When cutting trees, I use all of the necessary safety gear. Safety glasses, steel toed boots and that ‘nothing can hurt me fool-hearty immortality’ that some of us carry around. I should have lost this in high school, but some remnants stuck.


We can get some very heavy winds off of Lake Winnipeg. One morning I stepped out and saw that one poplar partially broke and hung up on another tree. I am somewhat pleased since this would be, should have been, a no risk situation. At that angle, the tree can only fall in one direction. The tree surrounded by forest at the edge of our property cannot damage anything. Or so it appeared.


The tree broke partially off about three feet off the ground, fell a few feet and a major branch from another tree stopped it. So I started cutting the broken tree four feet off the ground. It’s already at a 45 degree angle, so there is now a top and a bottom part of the trunk. I cut a little bit from the top side of the trunk, but no so much that it binds the saw. Then I cut the rest from the underneath part of the trunk as the wedge starts to open from the weight of the tree.


Then the most amazing thing happened.


You know how a tire on a rope swings from a branch? Sort of like a pendulum effect. If you really shove the tire hard, it gets to the far side of its pendulum and comes swinging back to you. And you have to watch your face depending on hard you pushed.


Here the tree I just finished cutting swung like a pendulum as it was hinged at the top by another branch. The bottom of the tree managed to clear the ground and swing to the far side. Again managing to miss every other tree. But by the time it swung to the far side, the branch acting as the pivot point swung far enough to suddenly let go. Without the pivot at the top to bring the bottom of the tree back to where I was, the entire tree entered what I would call a free fall state. I entered a mesmerized state. The top of the tree was now falling directly on top of me.


All the books, ok book, ok ok operating manual, I read on chainsaws said of course to know which way the tree should fall and to stay out of this line.

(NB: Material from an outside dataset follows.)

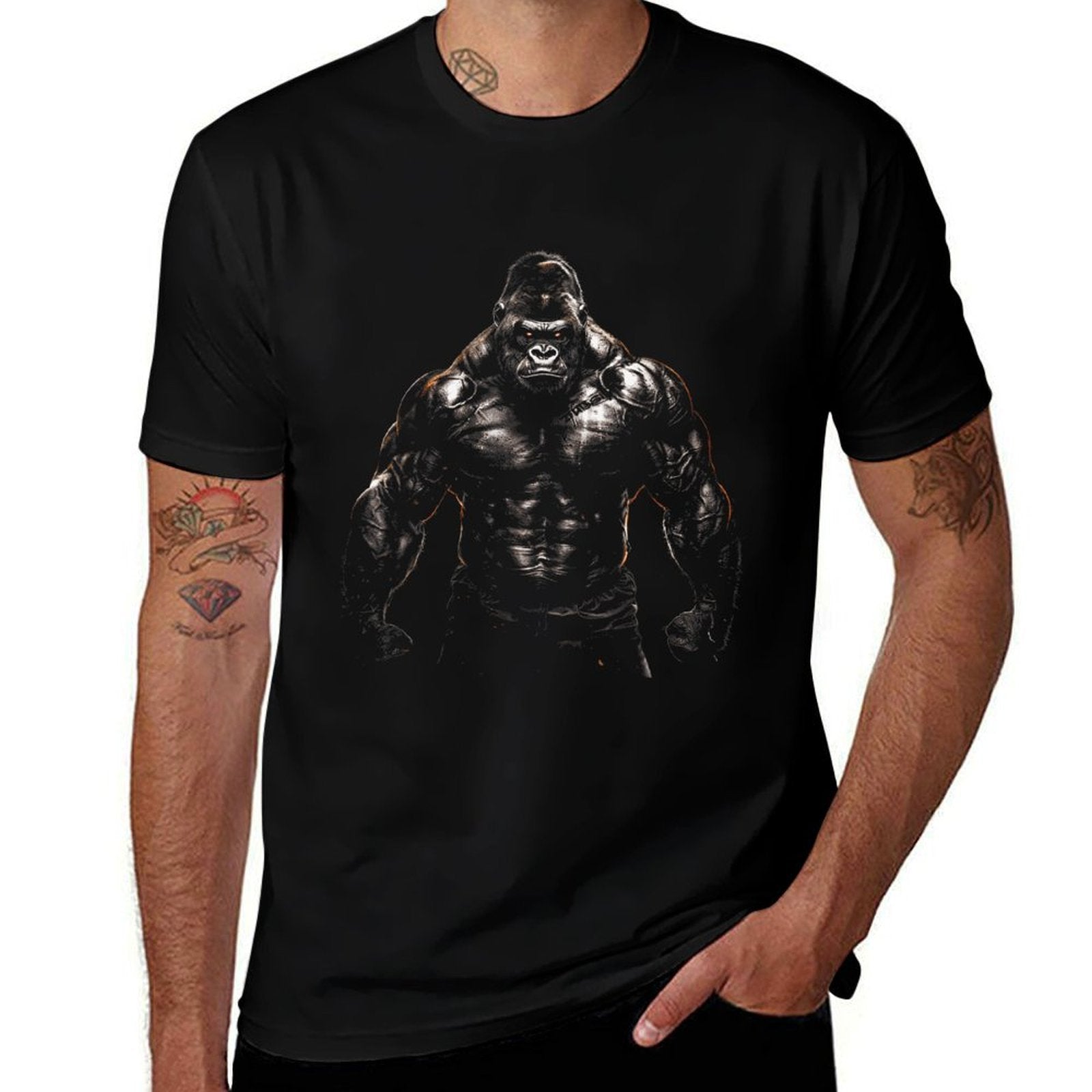 Gorilla Monkey Gym Wear Bodybuilding Workout Motivation  Relaxed-fit T-Shirt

The manual said nothing about a duplicitous tree that did a complete 180 degree change in the way it was falling. The book did say never turn your back on a falling tree.  Trees are tricky that way.


According to the insurance industry, a 50 foot tree with a 12 inch diameter weighs 2000 pounds. I dropped the saw. It would have to cope on its own.  This still seems stupid even on reflection, but I put both hands up and used the falling tree trunk to push myself out of the way. I would like to think that my karate skills deflected the tree, but no amount of stupid can deflect a 2000 pound tree.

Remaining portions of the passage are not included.